Detailed explanation of loci selector
The loci selector constructs loci sets that are maximized with respect to the unique number of fingerprints produced among the input sequences as well as the discriminatory power of the loci among the input sequences. The final loci set is iteratively built, in the following steps, given a tab-delimited table with loci names in the first column, sequence names in the first row, and single character data filling the matrix. Missing data is denoted by the characters '?', '-', or '.' :
(1) Each potential available locus is evaluated for the number of unique fingerprints that would result from its addition to the final loci set. All loci that would generate the maximum number of unique fingerprints in this respect are evaluated in step (2).

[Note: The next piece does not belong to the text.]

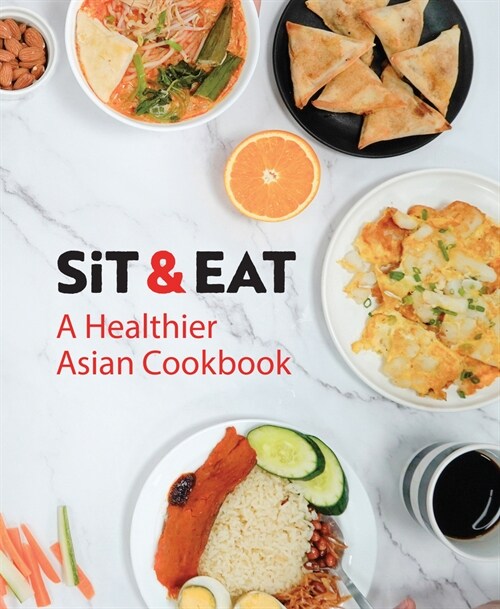 Sit & Eat: A Healthier Asian Cookbook (Hardcover)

(2) All loci from step (1) are evaluated for their discriminatory power among the sequences, which is given as points of discrimination (POD). The POD for a locus is calculated as follows. A listing of all possible pair-wise comparisons is constructed; for example, if the input table consisted of three sequences, A, B and C, the list would consist of A-B, A-C and B-C. Next, it is determined whether or not the sequences in each pair-wise comparison contain the same single character denoting the locus state. If they do, a value of 0 is assigned; if they differ a value of 1 is assigned. The POD is then the summation of all pair-wise comparisons that differ for that locus. With our previous example, if A-B = 1, A-C = 1 and B-C = 0, the POD for that locus would be 2.
(3) The locus with the highest value from step (2) is selected for addition to the final loci set and removed from the pool of candidate loci. If two or more loci tie in value, one is randomly selected. If all possible unique fingerprints have been found, the algorithm continues with (4); if additional unique fingerprints are possible, the algorithm continues with (5).
(4) Sequence pairs for which the allele of the locus chosen in (3) differ are temporarily excluded from the analysis ("masked"). This ensures loci that differ between other pairs of strains are preferentially considered. Consider our A, B and C example with pair-wise comparisons of A-B = 1, A-C = 1 and B-C = 0. In the case of this locus being chosen, the sequence pairs A-B and A-C would be temporarily removed from the analysis ("masked"), leaving only loci that differed between B-C as viable options. Setting maximumPod = 1 prevents this masking step, which can be useful if one is only interested in loci that offer the most discrimination, regardless of what locus pairs offer that discrimination.
(5) Once a locus has been chosen:
a) the specified number of loci has been reached (all unique fingerprints in the case of 'best') and the algorithm terminates; or
b) the specified number of loci has not been reached and there are remaining fingerprints possible, or sequence pairs for which differences exist. The algorithm returns to (1); or
c) there are no remaining fingerprints possible and no sequence pairs for which differences exist. At such time, all sequence pairs are again considered part of the analysis ("unmasked"). If no differences among any sequence pairs exist at this point, the algorithm terminates; if differences remain, the algorithm returns to (1).